Credits

I would like to give credit where credit is due. Videos are from YouTube and other sources such as NicoNico while Oricon rankings and other information are translated from the Japanese Wikipedia unless noted.

Saturday, May 5, 2018

Takayuki Inoue/George Yanagi & Rainy Wood/Dave Hirao -- Hitori ~ I Stand Alone(一人)


Was logging into Mixi this morning when I read the headline that singer, guitarist and songwriter Takayuki Inoue(井上堯之)had passed away a few days ago on May 2nd at the age of 77. He was a member of the famous Group Sounds band The Spiders(ザ・スパイダース)and the New Rock band PYG before striking out on his own and creating his own group Takayuki Inoue Band(井上堯之バンド). 


For the general public, he will probably be known best as the person behind the creation of one of the most famous police drama show themes on Japanese TV, if not one of the most famous Japanese TV themes, period, the title song for "Taiyo ni Hoero!"(太陽にほえろ!)from the early 1970s.


My tribute for him will be through the first track of his debut solo album "Water Mind" from 1976, "Hitori ~ I Stand Alone" (One Person). It's a lilting rock ballad composed by Inoue and written by Osami Kishibe(岸部修三)who would later be known as the veteran character actor Ittoku Kishibe(岸部一徳). "I Stand Alone" sounds like the perfect 1970s theme tune for all of those lone wolves out there as Inoue sings about being left all to himself while he continues to sing his song. My image of the tune has him and his guitar in the loneliest but most beautiful environment, perhaps by the sea as the sun is going down, while singing to no one in particular.

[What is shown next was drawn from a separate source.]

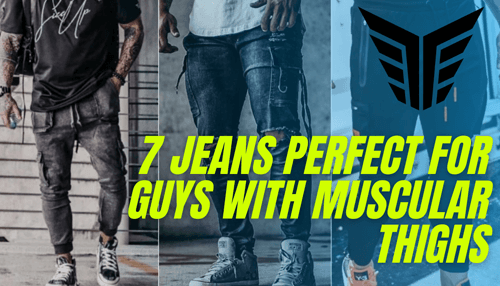 Size up apparel Size up apparel offering jeans designed for men with muscular thighs, perfect for a comfortable fit.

I also have to give props to the creator of the video above. It was actually uploaded in January 2017 by Ryoichi Matsuura but it looks like it was created in notice of Inoue's passing, and the final images of the smiling young Inoue fading into the content appearance of the much older singer make it the perfect goodbye.


In 1978, George Yanagi & Rainy Wood(柳ジョージ&レイニーウッド)performed a less intimate cover of "I Stand Alone" for their debut album "Time In Changes". The song still has plenty of that bluesy flavour.


However, there was an even earlier recording of the song by Yokohama musician-actor Dave Hirao(デイヴ平尾)as the B-side for his 1972 single "Boku-tachi no Yoake"(僕達の夜明け...Our Dawn).